Tuesday, September 3, 2019

Why Knowledge Management Failed Spectacularly

Taking a look back, many have blamed the failure of knowledge management (KM) on the lack of a solid program backed by top management. While these soft issues are normally common factors for failures, there was one primary reason that KM failed in mass. The big mistake was that the knowledge was organized around a taxonomy which was centrally controlled and unresponsive Today there is a combination of new knowledge approaches that will make KM a reality and likely to be backed by management.




The Problems with Taxonomies:

Taxonomies are rigid hierarchies that limit the kind of relations that a topic had to "parent-child" with minor exceptions for multiple inheritances.  This required an overseer that ended up being a bottleneck to organizing knowledge. This kept knowledge trapped from being adaptive in realtime and assumed someone had to manage knowledge acquisition. This taxonomy idea came from the classification of genus and species where it was easier to classify kinds of living things and there was no pressure to complete the task. Limited Taxonomies limit Knowledge Management and the early days leveraged them into dead-end streets.

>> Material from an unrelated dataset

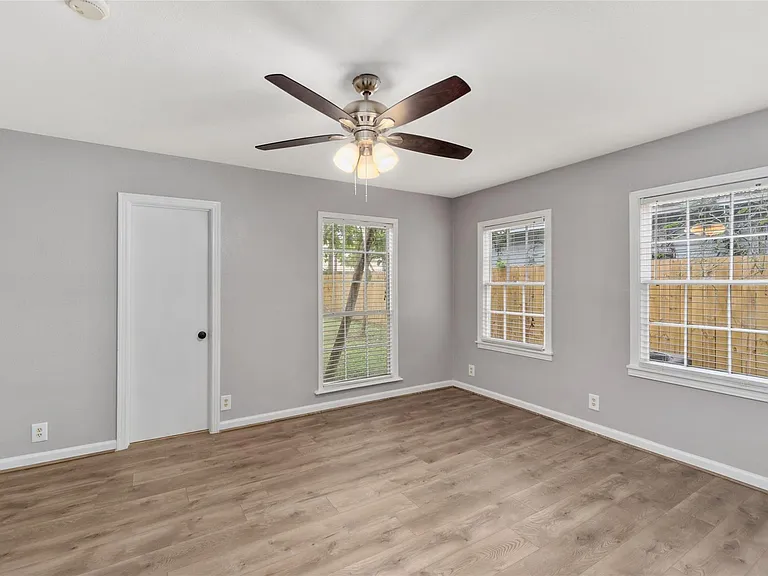 1110 Woods Dr — Photo 21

Opportunities with Ontologies:

Ontologies are easy to expand in that they support real-time change and can support a multitude of knowledge relationships to create a multitude of shapes. They can be reviewed later for accuracy and unnecessary redundancies. The use of flexible and fast ontologies combine well with AI in both learning and reasoning modes. Proven and general use ontologies can be easily combined with specific ontologies to solve both general and specific problem domains. Technology and humans alike can follow ontology paths with ease. In fact, ontologies can support taxonomies within themselves.


Net; Net: 

KM in the early generations got data, information, knowledge, and wisdom structures all wrong. No wonder top management backed away from it especially when it was failing early. Let's not throw out the baby with the bathwater and finally attack knowledge management with the help of AI in all its forms. Big Data is waiting on it and so are a goodly number of business outcomes.